Now check for the best max_features parameter value for the decision tree

  • Create an array for max_features values ranging from 1 - 12 (1 feature vs all)
  • In a loop, train the classifier for each max_features value (12 runs)
  • Calculate the training and test AUC for each run
  • Plot a graph to show under/overfitting and the optimal value
  • Interpret the results
# Find the best value for optimal maximum feature size

# Create an array for max_features values ranging from 1 - 12 (1 feature vs all)
max_features = list(range(1, X_train.shape[1]))

# Create a loop, training the classifier for each max_features value (12 runs)
train_results = []
test_results = []
for max_feature in max_features:
   dt = DecisionTreeClassifier(criterion='entropy', max_features=max_feature, random_state=SEED)
   dt.fit(X_train, y_train)
   train_pred = dt.predict(X_train)
   false_positive_rate, true_positive_rate, thresholds = roc_curve(y_train, train_pred)
   roc_auc = auc(false_positive_rate, true_positive_rate)
   train_results.append(roc_auc)
   y_pred = dt.predict(X_test)
   false_positive_rate, true_positive_rate, thresholds = roc_curve(y_test, y_pred)
   roc_auc = auc(false_positive_rate, true_positive_rate)
   test_results.append(roc_auc)

plt.figure(figsize=(12,6))
plt.plot(max_features, train_results, 'b', label='Train AUC')
plt.plot(max_features, test_results, 'r', label='Test AUC')
plt.ylabel('AUC score')
plt.xlabel('max features')
plt.legend()
plt.show()

png

  • No clear effect on the training dataset - flat AUC
  • Some fluctuations in test AUC but not definitive enough to make a judgement
  • Highest AUC value seen at 6

Re-train the classifier with chosen values

Now, using the best values from each training phase above, I’ll feed it back into the classifier to see if there is any improvement in predictive performance.

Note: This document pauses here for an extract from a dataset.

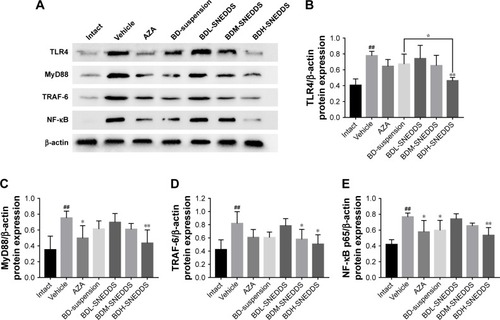 Figure 10 Effects of BD-SNEDDS on the protein expressions of TLR4, MyD88, TRAF-6, and NF-κB p65 in colonic tissue by Western blot.Notes: (A) Representative Western blot images of TLR4, MyD88, TRAF-6, and NF-κB p65 protein expressions in TNBS-induced colonic tissues. Protein expression levels of TLR4 (B), MyD88 (C), TRAF-6 (D), and NF-κB p65 (E) in colonic tissue. Data are presented as mean±SD (n=3). ##P<0.01 vs intact group, *P<0.05 and **P<0.01 vs vehicle group, P<0.05 vs BD-suspension group.Abbreviations: BD-SNEDDS, BD-loaded self-nanoemulsifying drug delivery system; BD-suspension, BD suspended in 0.5% sodium carboxymethyl cellulose solution; TLR4, toll-like receptor 4; MyD88, myeloid differentiation primary response 88; TRAF-6, TNF receptor-associated factor 6; NF-κB, nuclear factor-kappa B; AZA, azathioprine; TNBS, trinitrobenzenesulfonic acid; BDL-SNEDDS, low-dosage BD-loaded self-nanoemulsifying drug delivery system; BDM-SNEDDS, medium-dosage BD-loaded self-nanoemulsifying drug delivery system; BDH-SNEDDS, high-dosage BD-loaded self-nanoemulsifying drug delivery system.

  • Train the classifier with the optimal values identified
  • Compare the AUC of the new model with the earlier vanilla decision tree AUC
  • Interpret the results of the comparison
# Train a classifier with optimal values identified above
dt = DecisionTreeClassifier(criterion = 'entropy',
                           max_features = 6,
                           max_depth = 3,
                           min_samples_split = 0.7,
                           min_samples_leaf = 0.25, 
                           random_state = SEED)
dt.fit(X_train, y_train)
y_pred = dt.predict(X_test)
false_positive_rate, true_positive_rate, thresholds = roc_curve(y_test, y_pred)
roc_auc = auc(false_positive_rate, true_positive_rate)
roc_auc
0.6387325944870701
  • We improved the AUC from 0.73 in the vanilla classifier to 0.74 with some tuning.
  • Due to randomness, results may slightly differ, there is some improvement in most cases.
  • With more complicated (and bigger) datasets,
  • We might see an even bigger improvement in AUC/accuracy of the classifier.

Summary

Identifying optimal parameter values can result in some improvements towards predictions.